OmniVL-Guard: Towards Unified Vision-Language Forgery Detection and Grounding via Balanced RL
Abstract
Existing forgery detection methods are often limited to uni-modal or bi-modal settings, failing to handle the interleaved text, images, and videos prevalent in real-world misinformation. To bridge this gap, we propose OmniVL-Guard, a unified framework for omni vision-language forgery detection and grounding. In this unified setting, the interplay between diverse modalities and the dual requirements of simultaneous detection and localization pose significant optimization challenges. Through extensive investigations, we identify a critical difficulty bias in this multi-task optimization: the simpler veracity classification task tends to dominate the gradients, leading to suboptimal performance in fine-grained grounding.
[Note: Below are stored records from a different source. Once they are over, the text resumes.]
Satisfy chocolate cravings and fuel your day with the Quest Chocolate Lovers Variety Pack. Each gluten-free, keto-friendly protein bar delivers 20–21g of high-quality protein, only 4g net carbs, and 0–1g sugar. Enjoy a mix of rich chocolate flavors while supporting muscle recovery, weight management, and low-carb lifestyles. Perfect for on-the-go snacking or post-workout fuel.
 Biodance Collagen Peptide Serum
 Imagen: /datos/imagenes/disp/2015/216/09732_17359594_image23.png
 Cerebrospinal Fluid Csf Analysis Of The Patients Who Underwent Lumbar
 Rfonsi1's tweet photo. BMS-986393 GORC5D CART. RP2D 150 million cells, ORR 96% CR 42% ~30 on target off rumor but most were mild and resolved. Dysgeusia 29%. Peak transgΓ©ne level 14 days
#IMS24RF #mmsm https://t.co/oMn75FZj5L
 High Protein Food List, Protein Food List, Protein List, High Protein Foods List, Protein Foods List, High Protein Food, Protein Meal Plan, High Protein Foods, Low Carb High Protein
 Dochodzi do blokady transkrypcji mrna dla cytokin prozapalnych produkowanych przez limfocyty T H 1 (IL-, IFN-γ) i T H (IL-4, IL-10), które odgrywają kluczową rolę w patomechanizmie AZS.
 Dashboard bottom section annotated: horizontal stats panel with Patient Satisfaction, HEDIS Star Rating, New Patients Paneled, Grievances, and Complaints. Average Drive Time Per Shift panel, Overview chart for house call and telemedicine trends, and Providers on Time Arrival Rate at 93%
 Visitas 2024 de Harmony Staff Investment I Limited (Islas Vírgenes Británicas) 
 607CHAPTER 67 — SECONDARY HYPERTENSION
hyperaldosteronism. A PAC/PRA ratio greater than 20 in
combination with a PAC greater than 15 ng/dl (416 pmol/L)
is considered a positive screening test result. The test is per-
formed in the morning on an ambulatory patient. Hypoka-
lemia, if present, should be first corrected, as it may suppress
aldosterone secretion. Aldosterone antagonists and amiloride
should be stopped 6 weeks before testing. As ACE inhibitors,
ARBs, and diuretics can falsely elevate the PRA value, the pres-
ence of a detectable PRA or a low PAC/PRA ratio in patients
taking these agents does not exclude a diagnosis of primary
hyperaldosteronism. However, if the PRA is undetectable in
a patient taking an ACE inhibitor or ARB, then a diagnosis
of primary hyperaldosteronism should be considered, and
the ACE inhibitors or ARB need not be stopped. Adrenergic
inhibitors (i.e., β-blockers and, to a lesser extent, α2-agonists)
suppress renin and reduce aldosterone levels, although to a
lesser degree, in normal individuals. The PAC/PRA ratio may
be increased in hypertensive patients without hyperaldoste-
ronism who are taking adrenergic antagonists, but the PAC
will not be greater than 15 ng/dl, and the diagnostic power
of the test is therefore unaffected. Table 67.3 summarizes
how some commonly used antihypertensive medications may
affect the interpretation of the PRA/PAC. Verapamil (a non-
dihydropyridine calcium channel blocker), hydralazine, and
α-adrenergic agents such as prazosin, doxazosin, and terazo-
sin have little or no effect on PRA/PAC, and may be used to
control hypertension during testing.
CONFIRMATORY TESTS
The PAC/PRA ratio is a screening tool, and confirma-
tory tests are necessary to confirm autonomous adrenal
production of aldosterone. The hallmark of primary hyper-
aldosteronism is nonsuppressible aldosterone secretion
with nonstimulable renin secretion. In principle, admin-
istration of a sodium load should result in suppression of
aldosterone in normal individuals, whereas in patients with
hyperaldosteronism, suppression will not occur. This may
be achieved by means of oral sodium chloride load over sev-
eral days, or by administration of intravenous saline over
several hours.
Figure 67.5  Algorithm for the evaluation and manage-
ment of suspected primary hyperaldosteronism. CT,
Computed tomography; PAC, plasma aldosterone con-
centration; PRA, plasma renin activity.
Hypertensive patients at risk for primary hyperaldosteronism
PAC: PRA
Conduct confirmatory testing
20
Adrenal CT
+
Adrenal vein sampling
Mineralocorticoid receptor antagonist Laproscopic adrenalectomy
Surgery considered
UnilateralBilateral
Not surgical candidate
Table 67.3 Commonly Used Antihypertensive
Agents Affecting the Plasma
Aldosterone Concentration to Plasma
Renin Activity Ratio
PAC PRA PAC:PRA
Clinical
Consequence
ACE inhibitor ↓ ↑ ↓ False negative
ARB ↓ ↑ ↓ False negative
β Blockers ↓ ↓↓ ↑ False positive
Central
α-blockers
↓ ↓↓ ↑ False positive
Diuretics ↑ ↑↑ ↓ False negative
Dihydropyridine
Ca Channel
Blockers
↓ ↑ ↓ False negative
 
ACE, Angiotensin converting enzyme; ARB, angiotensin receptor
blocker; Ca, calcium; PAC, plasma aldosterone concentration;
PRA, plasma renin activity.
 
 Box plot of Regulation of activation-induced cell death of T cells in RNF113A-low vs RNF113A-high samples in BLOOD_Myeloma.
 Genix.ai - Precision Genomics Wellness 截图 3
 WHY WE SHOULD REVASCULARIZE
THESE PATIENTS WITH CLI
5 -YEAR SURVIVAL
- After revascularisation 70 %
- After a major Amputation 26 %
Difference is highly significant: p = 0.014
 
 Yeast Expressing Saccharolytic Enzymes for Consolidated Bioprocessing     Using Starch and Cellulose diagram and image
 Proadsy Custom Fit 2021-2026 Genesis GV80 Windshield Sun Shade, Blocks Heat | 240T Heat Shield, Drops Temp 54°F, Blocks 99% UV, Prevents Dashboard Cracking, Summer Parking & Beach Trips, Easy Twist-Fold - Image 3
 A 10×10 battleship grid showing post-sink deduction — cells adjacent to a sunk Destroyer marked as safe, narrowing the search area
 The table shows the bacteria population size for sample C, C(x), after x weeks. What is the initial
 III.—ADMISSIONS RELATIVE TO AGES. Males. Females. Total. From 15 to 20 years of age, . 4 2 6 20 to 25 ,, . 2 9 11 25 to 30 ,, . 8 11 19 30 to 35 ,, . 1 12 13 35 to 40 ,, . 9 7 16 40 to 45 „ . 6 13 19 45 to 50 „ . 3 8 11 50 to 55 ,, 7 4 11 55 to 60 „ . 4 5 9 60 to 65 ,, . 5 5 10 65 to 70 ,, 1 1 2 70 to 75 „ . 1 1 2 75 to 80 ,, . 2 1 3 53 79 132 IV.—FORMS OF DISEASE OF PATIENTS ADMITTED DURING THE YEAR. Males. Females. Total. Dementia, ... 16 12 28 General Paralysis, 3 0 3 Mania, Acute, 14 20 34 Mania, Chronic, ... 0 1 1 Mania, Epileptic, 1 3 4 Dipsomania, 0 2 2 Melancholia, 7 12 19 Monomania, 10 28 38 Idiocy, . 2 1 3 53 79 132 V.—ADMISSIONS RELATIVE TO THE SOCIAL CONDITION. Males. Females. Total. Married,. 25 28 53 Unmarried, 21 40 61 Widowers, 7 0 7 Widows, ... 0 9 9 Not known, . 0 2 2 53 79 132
To address this imbalance, we first develop a Self-Evolving CoT Generation pipeline to synthesize high-quality reasoning paths, effectively overcoming the cold-start challenge. Building upon this, we propose Adaptive Reward Scaling Policy Optimization (ARSPO). By dynamically modulating reward scales and task weights, ARSPO ensures a balanced joint optimization that prioritizes challenging grounding objectives. Extensive experiments demonstrate that OmniVL-Guard significantly outperforms state-of-the-art methods and exhibits robust zero-shot generalization across out-of-domain scenarios.